New York Subway Poster

[New York Subway Poster]

  • 1983
  • Lithograph and silkscreen on machine-made wove
    28 x 71 cm
  • Edition: 120 plus 12 A. P. plus 6 P. P., plus 5 H. C. plus a few a. p., signed and numbered
  • Publisher: Strother/Elwood Arts, New York
  • Catalogue Raisonné No.: 470

In the early 1970s, Beuys began promoting an ‘expanded concept of art’. Moving well beyond the limits of traditional art media, he sought to validate all forms of creativity, which he presented as a vital social resource. In this connection, he coined the phrases ‘Creativity = Social Wealth’ and ‘Creativity = Capital’, using these to publicise his view that art was more significant than money as an engine of social transformation.1

With this multiple, Beuys sought to relay his message to commuters in the New York subway, an audience unlikely to be reached through his other artistic projects. Commissioned by the artists collective Group Material, as one of 120 posters placed in subway trains,2 Beuy’s work is dominated by the slogan ‘Creativity = Capital,’ printed in red block letters. A detail from one of his blackboard diagrams, which he used to explain his social ideas, serves as a backdrop to this text. While the details of the diagram are difficult to decipher, the work’s slogan makes its message abundantly clear.

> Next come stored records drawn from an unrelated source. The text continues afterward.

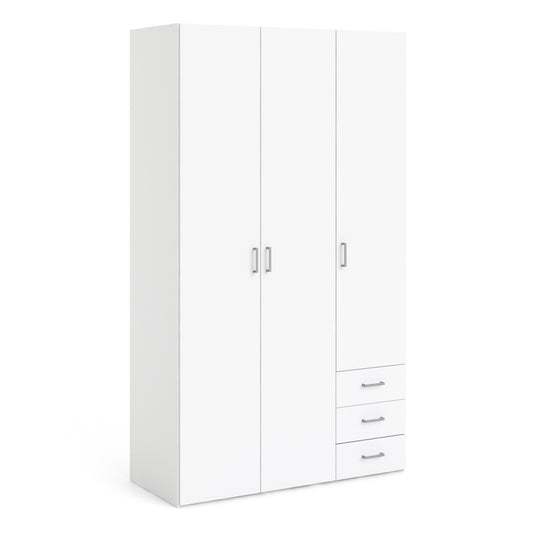 space wardrobe 3 doors 3 drawers in white 2000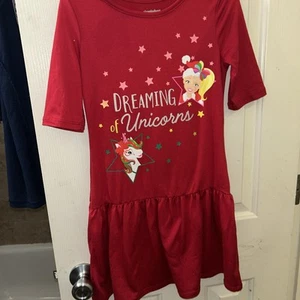 JoJo Siwa Nickelodeon Unicorn Red Dress Girls Size medium 7/8 - Picture 1 of 4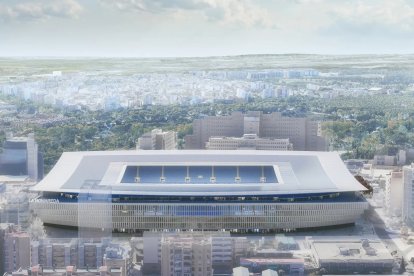 Así quedará la fachada exterior de la Nueva Romareda cuando las obras estén finalizadas.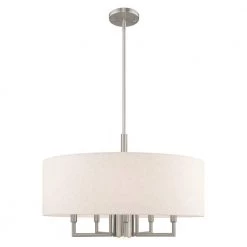 Meridian 6 Light Brushed Nickel Pendant Chandelier by Livex Lighting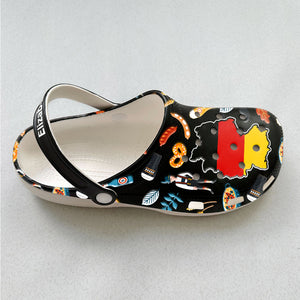 Germany Customized Clogs Shoes With German Flag And Symbols Black Background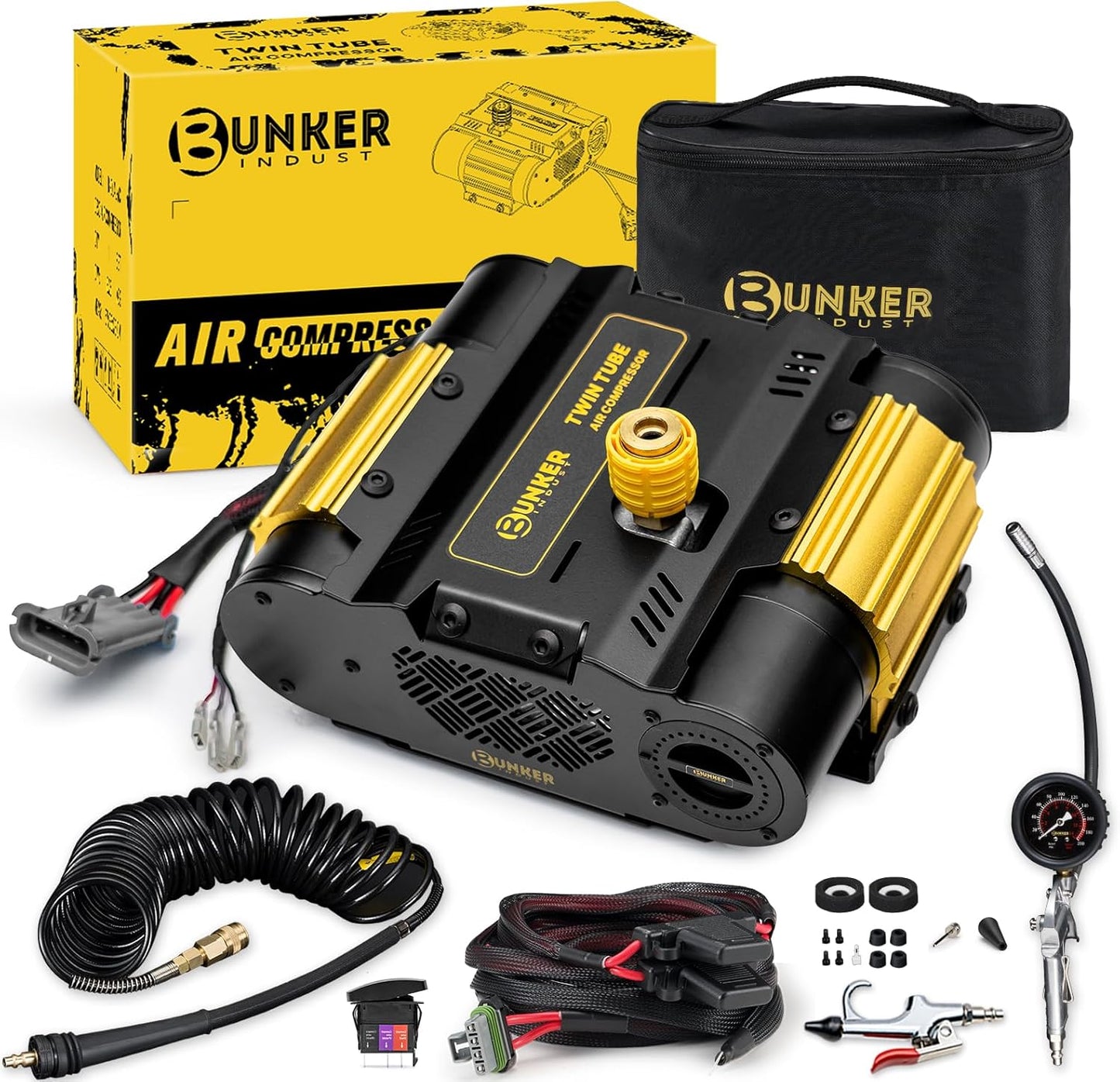 BUNKER INDUST 12V Twin Motor Air Compressor Offroad On-Board Air Pump Tire Inflator with Pressure Gauge Max 150 PSI for 4x4 Vehicle Tires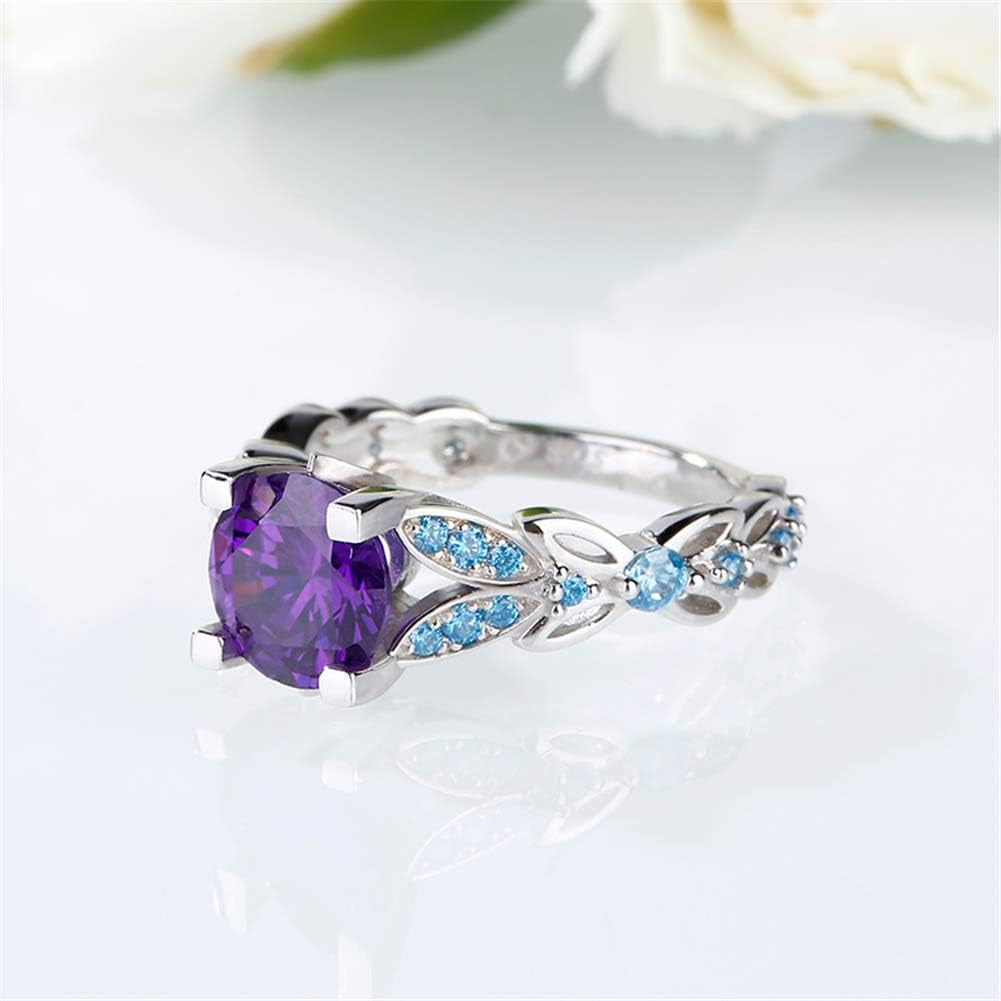 4.3 Carat Personalized Sterling Silver Butterfly Ring Set for Women – Purple Amethyst Round Cut Bridal Wedding Engagement Eternity Promise Rings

Beuys often described his multiples as ‘vehicles’ for placing his ideas in circulation, a function that was literally embodied by the subway car. Assuming the form of an advertisement, New York Subway Poster conveyed a rare non-commercial message to commuters.

  1. For a thorough reconstruction of the development of Beuys’s Erweitertete Kunstbegriff and its connection to his thoughts on society and the economy, see Johannes Stüttgen, ‘Der Kapitalbegriff bei Joseph Beuys,’ in Christel Raussmüller-Sauer (ed.), Joseph Beuys und das Kapital (Schaffhausen: Hallen für neue Kunst, 1988), 102. 

  2. For more on this project, see Glenn O’Brian, ‘Group Material,’ Artforum, Volume XXII Number 4, (December 1983), 80-81.